## [EXERCISE]
Here are some records; quote them exactly, leaving out the pictures.

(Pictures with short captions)
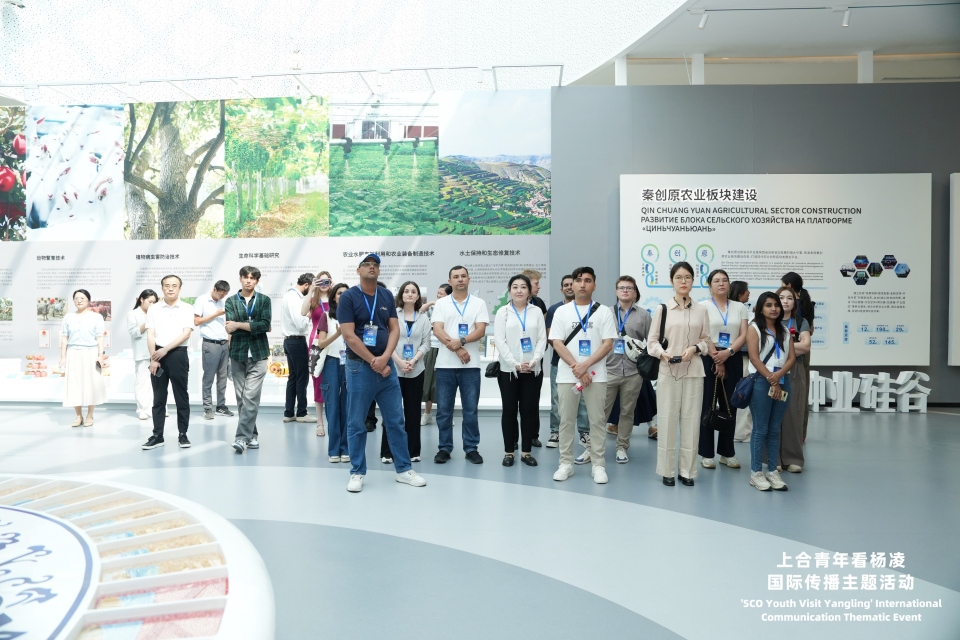 上合青年看杨凌活动启动 首站看上合组织农业基地硕果盈枝_fororder_图片3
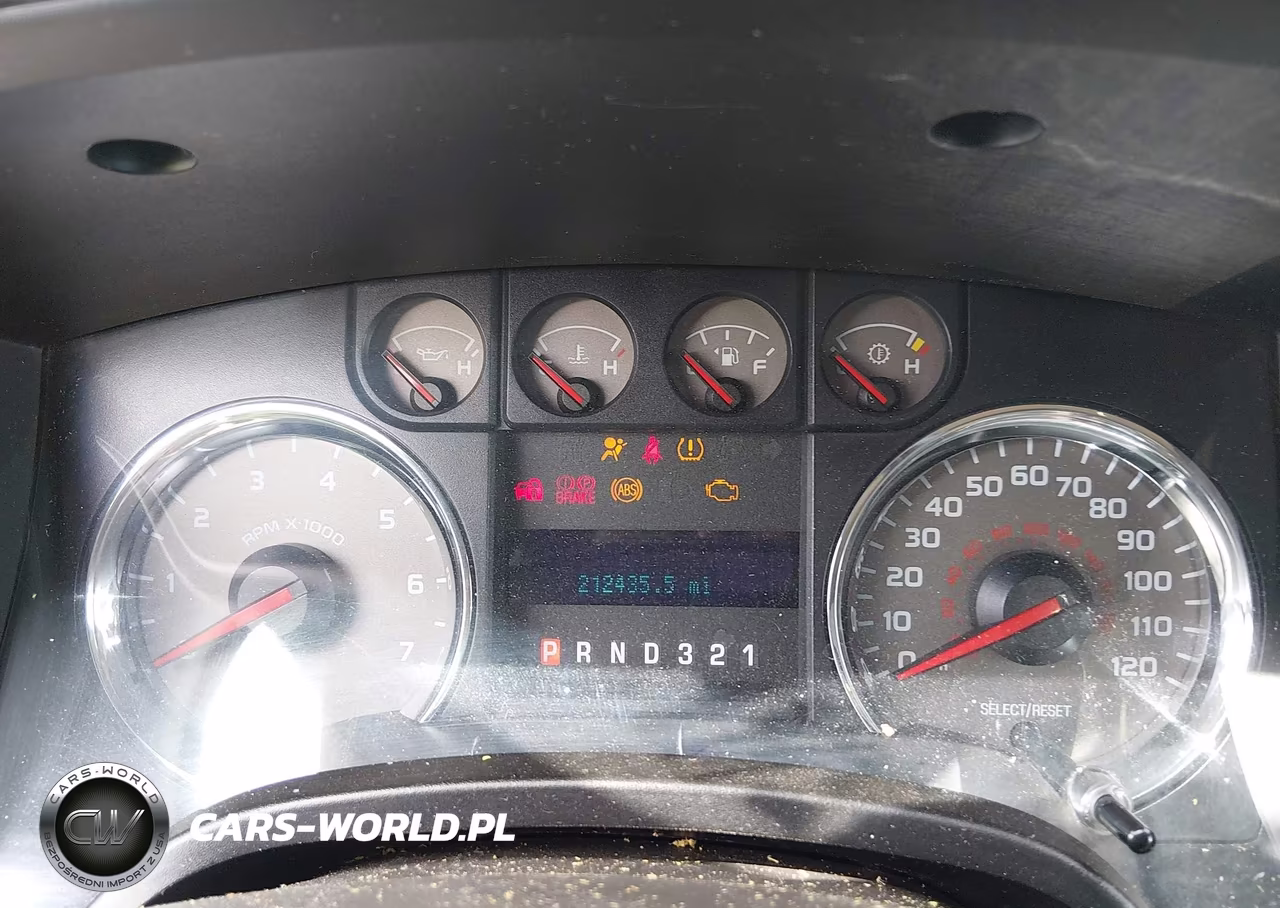 2009 Ford F-150 Lariat-Xl-Xlt VIN:1FTRX12V39KC51565 - 7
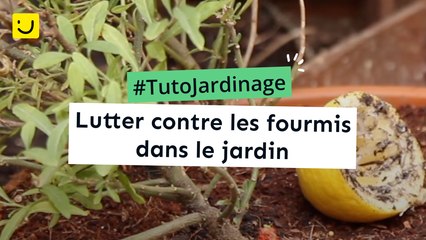 Lutter contre les fourmis dans le jardin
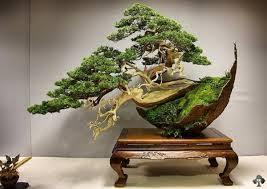 Hasil gambar untuk gambar tanaman bonsai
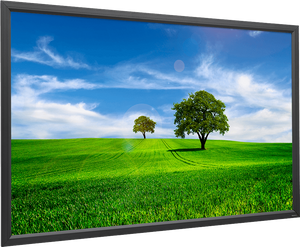 Екран проекційний натяжний на рамі Projecta HomeScreen Deluxe MW 10600095 (166x256 см, 16:9, 111") 421512 фото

## [RESULT OF THIS EXERCISE]
 上合青年看杨凌活动启动 首站看上合组织农业基地硕果盈枝_fororder_图片3
 2009 Ford F-150 Lariat-Xl-Xlt VIN:1FTRX12V39KC51565 - 7
 Lutter contre les fourmis dans le jardin
 Hasil gambar untuk gambar tanaman bonsai
 Екран проекційний натяжний на рамі Projecta HomeScreen Deluxe MW 10600095 (166x256 см, 16:9, 111") 421512 фото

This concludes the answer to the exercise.